Edinburgh has two professional football teams, both of which currently play in the Scottish premier Division - the top flight of Scottish football. Heart of Midlothian FC have played at their Tynecastle ground and stadium, to the west of the city centre, since 1886. The football club was originally the Heart of Midlothian Dance Club, which was formed in 1817. The first record of a Heart of Midlothian Football Club is dated around 1874, after some members of the dancing club had watched an exhibition match of ‘Association Football’. Whilst ‘Hearts’ have always been one of the top clubs in Scottish football, success for them in the league competitions has been rare. The last time they won the Scottish League Championship was 1960. They have, however, played in the Scottish FA Cup on 13 occasions, winning it 7 times - the last of which was in 2006. Hibernian FC are their great rivals. Hibernian FC was formed, unsurprisingly, by Irish settlers in the Cowgate area Edinburgh in 1875 and is strongly associated with the nearby St Patrick’s Church. The club now plays at the Easter Road Stadium in the north east of the city. Despite being one of the more consistent Scottish football clubs in being able to retain a place in the top Scottish division, successes for the club are even rarer than for ‘Hearts’. Hibernian last won the league championship in 1952 and the Scottish FA Cup back in 1902!

The top Rugby Union club in Edinburgh is Edinburgh Rugby, who play in the Celtic League - with other top class Scottish, Welsh and Irish clubs. The club uses the Castle Ground at the Murrayfield Stadium, to the west of the city centre. However, if you fancy watching some rugby closer to the city centre, just a ten minute walk away from Princes Street is the Raeburn Place ground of Edinburgh Academical FC. The founding member of the Scottish Rugby Union, the club was formed in 1857 - as such it is the second oldest rugby club in the world. However, it is actually thought that 1851 was the first occasion that rugby was played at the Edinburgh Academy, from which the club gets its name. The 1st team currently plays in the Scottish Premiership Division I. Murrayfield Stadium is, of course, the national rugby stadium for Scotland. Originally opened in 1925, it is the stadium that holds the record attendance for a Rugby Union match in Britain, when 104,000 spectators saw Scotland play Wales in 1975. In 1995 it had a major refurbishment and is now an all-seater stadium with a capacity of 67,800 and is used for a variety of sporting and leisure events.

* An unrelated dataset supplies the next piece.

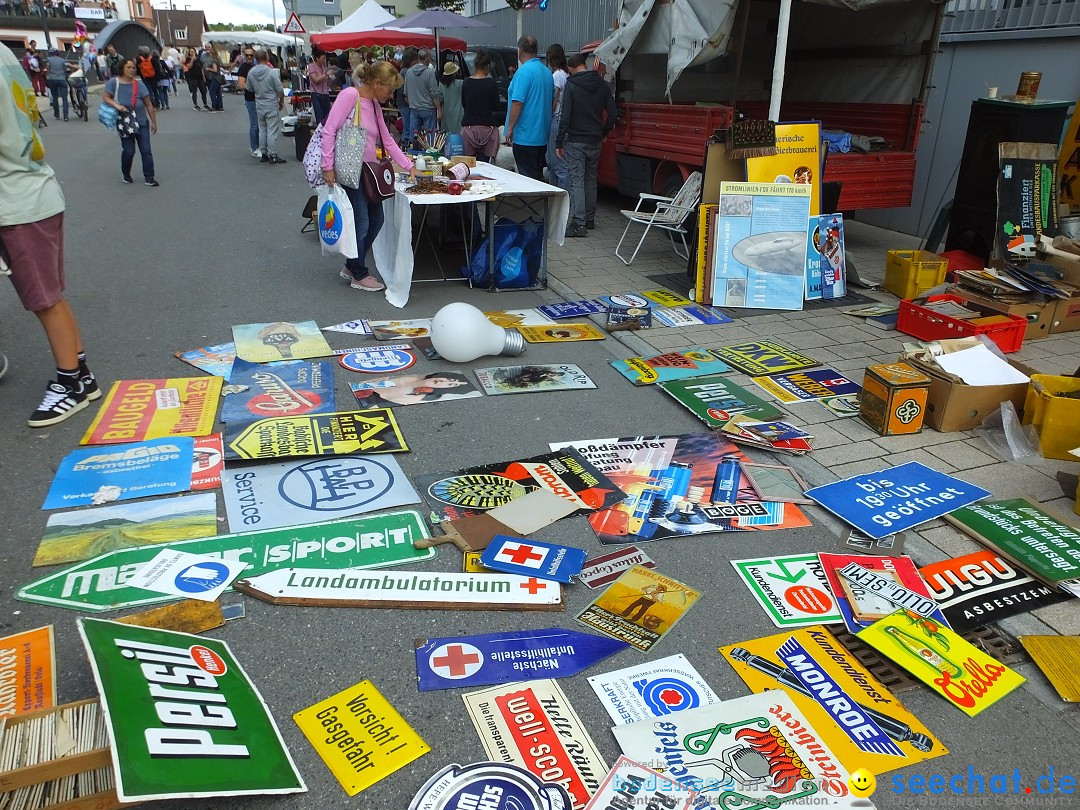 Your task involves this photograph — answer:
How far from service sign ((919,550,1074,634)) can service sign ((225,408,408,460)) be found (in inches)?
93.8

Next to the rugby stadium is the Murrayfield Ice Rink, which as well as having an Olympic sized ice rink is the largest seated indoor arena stadium in Scotland with 3500 seats. Although the building was completed in 1939 it didn’t really start to function as an ice-rink until 1952. The venue is now used for a variety of indoor sports as well as ice dancing and speed skating; these include wrestling, ice speedway and even dance competitions. However, the stadium is probably best known these days as the home of the city’s major Ice Hockey club. Edinburgh Capitals are the senior Ice Hockey team based at Murrayfield and are currently in the UK Elite League - the top flight of UK Ice Hockey.

There is absolutely no shortage of golf courses in and around Edinburgh. However, the cream of the courses in this area has to be Muirfield - one of the courses used for the Open Championship. The ‘Open’ has been held here 15 times with the most recent one being in 2002, when Ernie Els won after a four way play-off. The golf course is at Gullane on the road to North Berwick. Also, not far away from Edinburgh, at Dunbar is some of the best surfing in Scotland. Of course no Scottish city can be without a ‘snow’ sports centre. Boasting the longest artificial ski-slope in Britain; the Midlothian Snow Sports Centre is actually owned and operated by the Midlothian Council and is just outside the city boundary off the A702 at Hillend. The centre specialises in skiing and snow-boarding lessons and development.

Edinburgh Leisure is the city council department providing recreational and sports amenities to the local citizens. Facilities available in Edinburgh include the Meadowbank Sports Centre with its indoor and outdoor facilities, many of which were built and refurbished for the 1970 and 1986 Commonwealth Games, which were held in the city - as were the Olympic size swimming and diving pools at the nearby Royal Commonwealth Pool. Outdoor facilities at Meadowbank include a 250m velodrome and a 7000 seat athletics stadium.